Rifampicin is a P450 enzyme inducer and used in treatment of pruritus for PBC patients. The recommended dose is 150 mg once daily or twice daily based on the level of bilirubin. Side effects of rifampicin remain a serious concern because cases of hepatitis and hepatic failure, haemolysis and renal impairment and therefore, patient should be closely monitored during the treatment [65]. It should not be used together with serotonin reuptake inhibitor (SSRI) in patient with severe depression since it decrease the effect of SSRI[65].

Opioid antagonist, Naltrexone 50 mg daily, has been shown to be effective in treatment of pruritus in PBC patients. Other agents are SSRI (sertraline), Etarnacept (TNF-alpha inhibitor), Amitriptyline, Anti histamine.

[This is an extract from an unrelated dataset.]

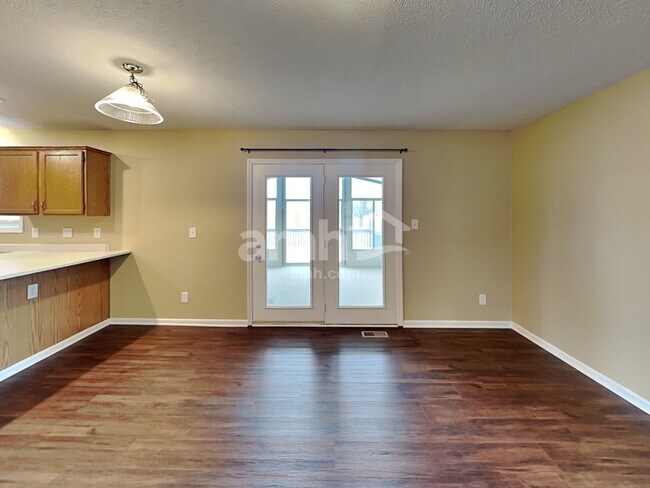 Photo - 912 N Garver Rd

Some patient with difficult to treat pruritus can be managed with plasmapheresis.

7.2. Future therapies

Several pilot studies and randomized controlled trials have evaluated various agents in PBC. Trials with mesenchymal stem cells, Rituximab, Ustekinumab, Moexipril which is an angiotensin-converting enzyme (ACE) inhibitor and Abatacept treatments in PBC is currently ongoing (www.clinicaltrials.gov).

There is a suggestion that beta retrovirus might be involved in the pathogenesis of PBC and hence, a randomised controlled trial with lamivudine and zidovudine was studied in PBC patients [72]. There is a good biochemical response seen in patient taking lamivudine and zidovudine but complete biochemical normalisation was not observed [72]. The study did not showed any correlation with virus and biochemical response and as a result, treatment is not recommended in PBC [72].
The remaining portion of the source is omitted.